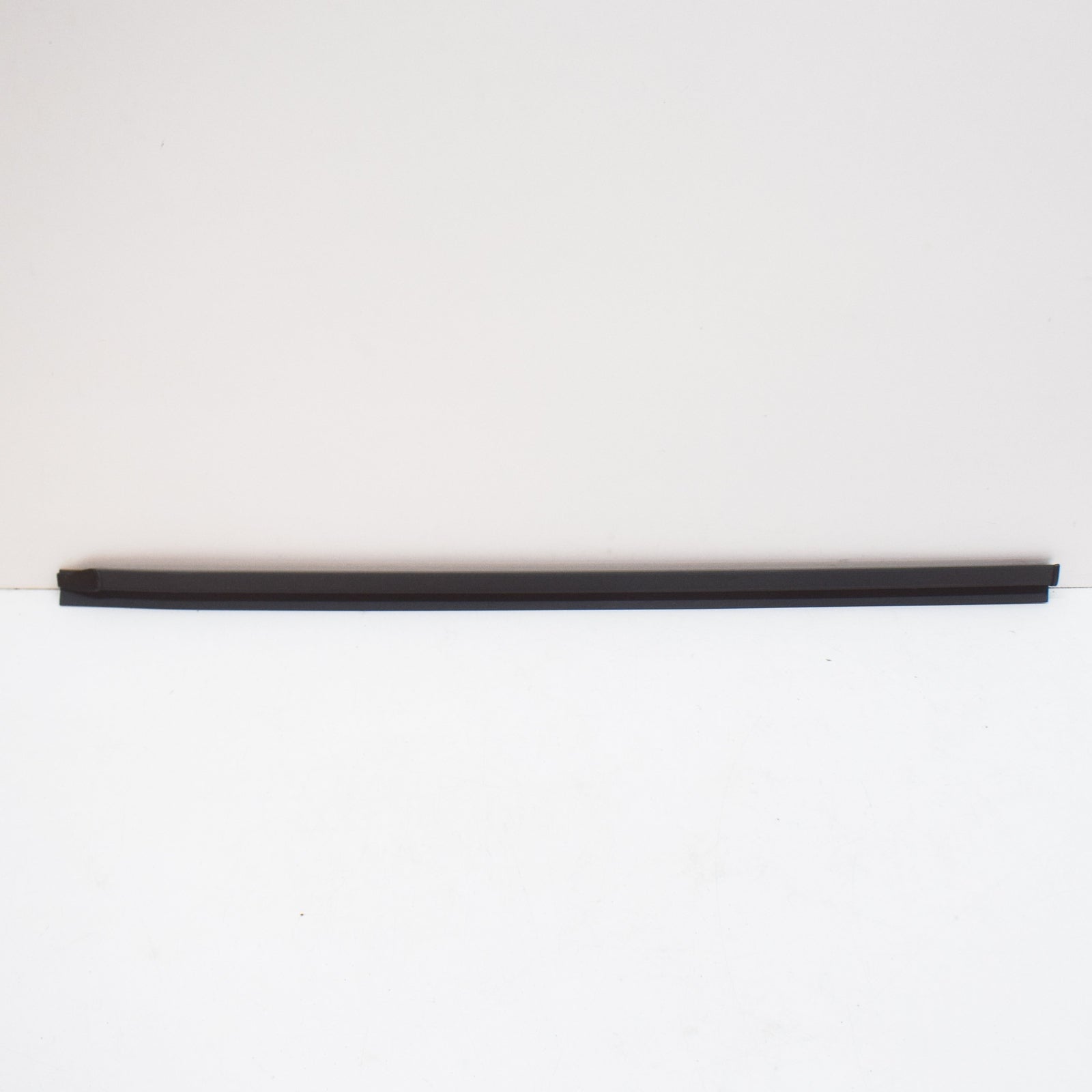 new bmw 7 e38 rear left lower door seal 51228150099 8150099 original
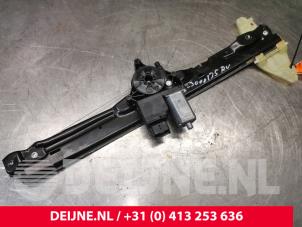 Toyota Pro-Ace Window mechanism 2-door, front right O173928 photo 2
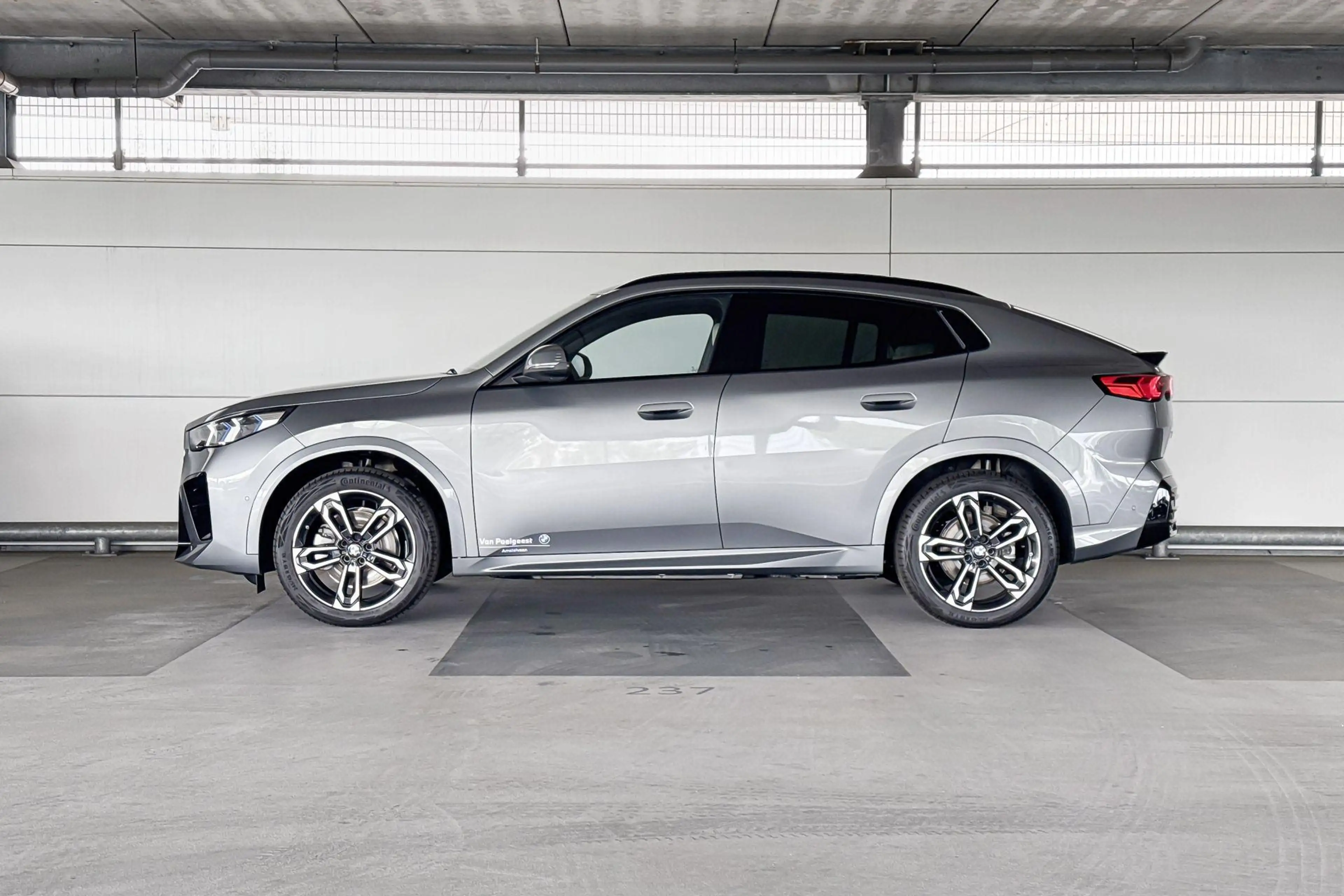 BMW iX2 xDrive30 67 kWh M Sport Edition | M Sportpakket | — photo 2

▶ _Activity_: Reproduce every line of the material precisely, omitting its pictures.

▶ _Answer to this exercise_:
 new bmw 7 e38 rear left lower door seal 51228150099 8150099 original
 Toyota Pro-Ace Window mechanism 2-door, front right O173928 photo 2
 BMW iX2 xDrive30 67 kWh M Sport Edition | M Sportpakket | — photo 2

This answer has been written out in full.